The initial increase in capacitance and conductance are consistent with the decrease of the depletion region at interface between the P3HT and nc-TiO2 layer. The junction capacitance or total capacitance is dominated by the depletion region capacitance. Subsequently, the carrier injection was less blocked and the current becomes barrier-unlimited, therefore the device was effectively in a good conductance state. With high forward bias at low frequency and collapse of depletion region, the diffusion capacitance contributes to the junction capacitance [10] . This capacitance depends on rearrangement of minority carriers injected at interface where the conduction becomes bulk-limited and the device is in its high conductance states. As result of that, the capacitance in P3HT/ nc-TiO2 solar cells require high forward bias to increase the capacitance rapidly to reach a peak and overcome the effect of depletion region on transportation of charge carrier though interface. Nevertheless, after the low frequency capacitance had reached a peak, it has decreased to negative region. According to report [9] , the depletion region at interface produces large number of localized defect states where the injected charge carriers gets trapped. The carriers produced induced current by escaping them from traps under high forward bias. However the time requires hoping the carrier from their traps is very slow which cause to current to lags behind the voltage applied. That led to create inductive effective or negative capacitance. In addition, the dipole effect is created also at interface from hoping motion of detrapping carrier which also contributes to negative capacitance.
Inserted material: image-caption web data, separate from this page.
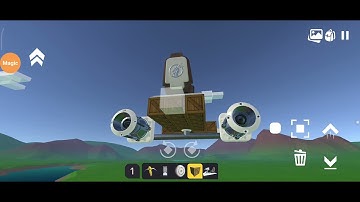 mini helicopter[ evertech sandbox ] full Video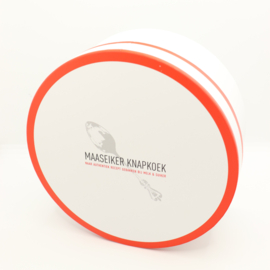 Knapkoekdoos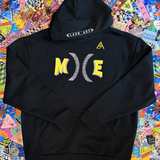 max Effort corE hoodiE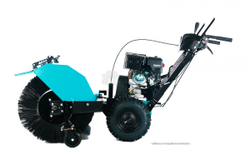 Подметальная машина Steviman RHINO SW-R0110-2510
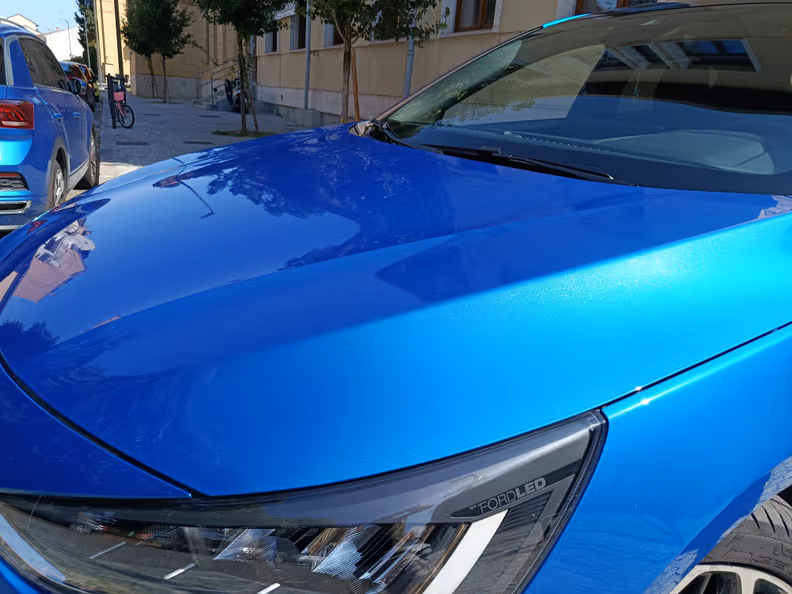 Ford Focus - 48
In P3HT/dye/nc-TiO2 solar cells, the dye inserted between nc-TiO2 and P3HT reduce the effect of depletion region at interface. The low frequency capacitance here is dominated only by diffusion capacitance. It is created by accumulating minority charge carrier at interface. Because of the dye layer, charge carriers move easily though through the junction and contribute to the total capacitance. The diffusion capacitance cause the rapidly increase in low forward capacitance to reach peaks under lower forward bias condition in comparison with P3HT/nc-TiO2. In addition, dye layer adsorbed on nc-TiO2 lead to form dipoles at interface with P3HT. The dipoles come from by 1) the protons which adsorb on the surface and carboxyl ate ion and 2) negatively charged thiocyanate legends of the dye. With increase the injection of charge carriers and the presence of dipole, the charge carrier get trapped with dipole. That leads to drop the capacitance to negative region at −1 V while it was −2 V for the P3HT/nc-TiO2 [11] . That is attributed to the difference in concentration of dipoles at interface and the depletion region in the two devices.

5. Conclusion

In air, a low frequency negative capacitance of P3HT/Ru-dye/nc-TiO2 solar cells has been observed under very low forward bias condition in comparison with the P3HT/nc-TiO2 solar cells. In addition, the conductance/an- gular frequency of solar cells with dyes was increased to 20,000 nF while it was around 2500 for solar cells without dyes at −2 voltage bias. That difference is ascribed to the formation of dipoles by adding dye layer between the P3HT and nc-TiO2 layers which cause lag more trapped charges with the voltage applied at interface and produce negative capacitance.


The authors thank the Prof Martin Taylor (Bangor University) for undertaking the AC measurements.